Told in a non-chronological way that jumps between time and place very quickly, it is a novel that feels fresh and raw. The method of putting together bits of Lucy’s story out of order, amongst stories about her family members as passed down through the family, uses disorientation to get across Lucy’s mindset and the complicated ways lives are similar and different. At the same time, the pleasingly detailed story of how she was a typical teenager in the 2000s dreaming of meeting bands and how she then turned up in Camden too late for the scene (which is told, with interruptions, in chronological order) forms a strangely moving heart to the novel. It gives a real sense of the hopes of being a teenager and how her hopes and dreams of London were then not quite the same as reality.

Saltwater is perhaps most distinctive for its non-chronological narrative and fluid style, but its highlight is the way it depicts growing up and how provincial dreams of London don’t match up to living there, using the detail of 2000s popular culture and trends. There’s something very relatable and touching in elements of Lucy’s experience, weaved in with family issues and her own need to recover from London.

Plume by Will Wiles

Plume cover

Plume is a a novel about contemporary London, truth, and alcoholism, tinged with a darkly comic writing style and an ominous atmosphere. Jack Bick writes features for a magazine and pretends that his drinking isn’t a problem. When a column of smoke appears on the London skyline outside his office, it feels like an omen, particularly along with Jack smelling smoke all the time. He tries to ignore this and goes to interview reclusive writer Oliver Pierce, who reveals a secret about his most popular book that could save Jack’s job, if he can only get it written. Drawn into a partnership with Pierce against the city and tied to a new app that tracks people’s location, Jack must work out what is real and what is only imagination.

This is a surprising novel in many ways. It was quite slow to start and felt like it could have sparks of brilliance without a compelling plot (particularly some laugh out loud imagery and cutting depictions of London), but then turned into something much better than it first seemed.

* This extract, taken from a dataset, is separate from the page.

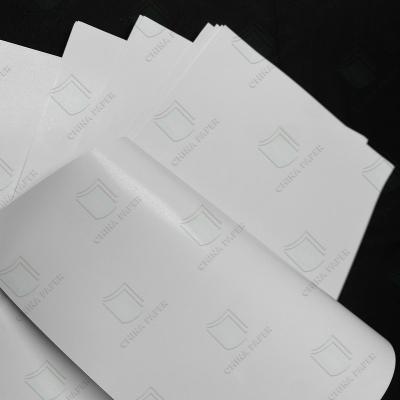 China Eco Friendily 115gsm white Glossy Coated Paper / C1S Art Paper C2s Art Paper Couche for sale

Particularly the way in which Jack’s alcoholism, which could’ve been a hackneyed trope that wasn’t really dealt with properly, was crucial and faced full on. In fact, though the book could be marketed as one about modern London and about what is real, it could just as easily be seen as a book about addiction and about how it makes people view the world. The underlying message about tech companies and big data was perhaps more predictable, but it worked well with the other plot elements, turning psychogeography into the digital as a recommendations app looks for urban myth.

What could’ve been a dull story about trying to write turned into a gripping look at addiction and space, which satirises London media culture and gentrification whilst taking its topics seriously. The desperation of living in London and the pain of addiction seem to blur, showing the psychological effect of both whilst questioning the line between truth and lies. Plume felt more than its blurb, with an unnerving sense of smoke lingering after you put it down.